In June 2011, US housing starts rose by a robust 14.6%m/m to 629 000. This was well above market expectations for a rise of only 2.7%m/m. Housing starts reached a record low of 478 000 in April 2009, and have since increased by a total of 31.6%. Despite the 31% increase, the overall level of housing construction is still dramatically below the 2006 peak level of over 2.2 million (see chart attached). It will probably take the housing market many years to re-gain the previous peak (see discussion below).
Housing permits also rose more than expected in June 2011, up 2.5%m/m to 624 000. The market was expecting a decrease of 2.3%m/m. There is a reasonably close relationship between the growth in building permits and housing starts. Overall, building permits also remain extremely depressed and close to the record low of 513 000 recorded in March 2009.
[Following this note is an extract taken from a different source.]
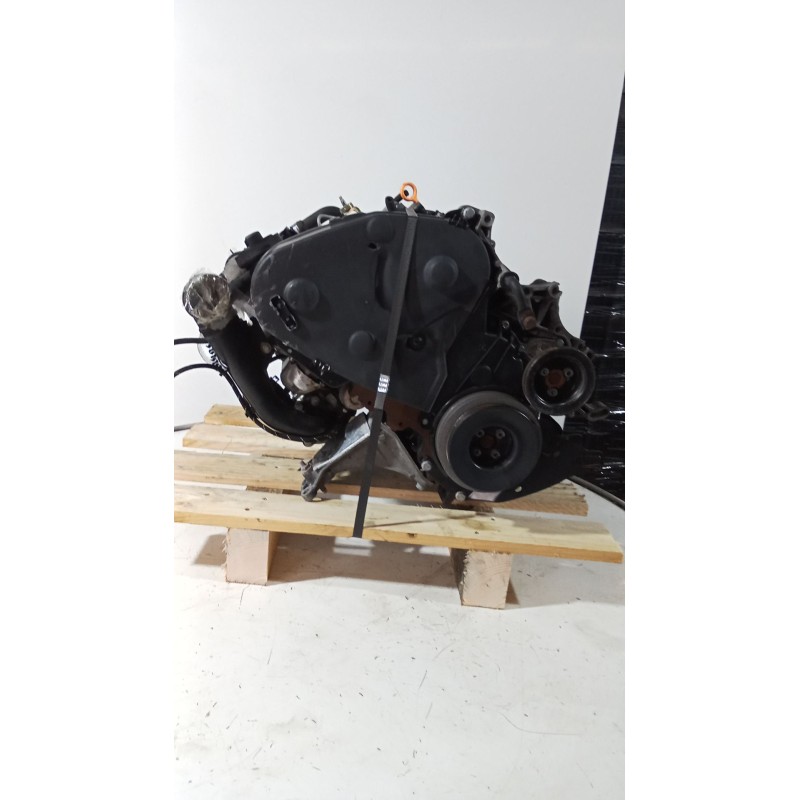 Recambio de motor completo para seat toledo i (1l2) 1.9 tdi referencia OEM IAM AHU BOSCH 131695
Despite the better than expected data on housing starts, a wide range of US housing indicators continue to confirm that the housing market is extremely depressed, with almost no clear sign of revival or sustained improvement (see the charts attached).
In particular:
- US new home sales are still close to their record lows and well below the peak achieved in 2005.
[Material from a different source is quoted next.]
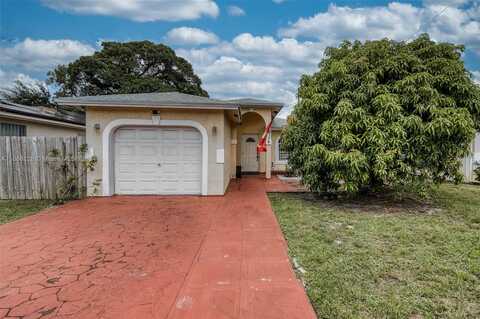 8Th, FORT LAUDERDALE, FL 33311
- US existing home sales are still very volatile and struggling to gain any significant traction. A recovery in existing home sales is crucial to clear the current over-supply of housing and to help stabilise prices.
- US housing starts and housing permits, while better than expected in June, remain extremely low overall, and far below previous peaks.
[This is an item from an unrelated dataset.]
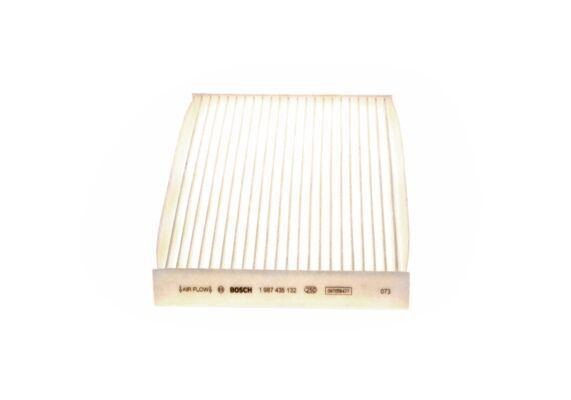 STANDART KABİN FİLTRESİ C3 AİRCROSS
- US home vacancy rates remain high, totalling almost 14.3 million homes.
- US house prices have declined for 10 consecutive months; following a brief improvement in late 2009 and early 2010. In total, housing prices have fallen by more than 30% since the peak in 2006.
- US home ownership levels continue to fall, aggravated by the still high level of house repossessions/foreclosures.
- US employment in the building/construction sector has shown absolutely no sign of improvement.
More positively, US mortgage rates remain extremely low. This, coupled with the decline in house prices and improvement in household income, means that housing is essentially the most affordable it has been since the affordability index started in 1981 (the higher the affordability index the more affordable housing has become). Hopefully, the improved affordability will provide the basis for a sustained recovery in the coming months/years.
As we have indicated on many previous occasions, the weakness in the US housing market appears structural in nature and is clearly acting as an impediment to recover/growth, given its importance to household wealth and consumer confidence. Furthermore, it will probably take the US housing market many years to fully recover from the credit crisis.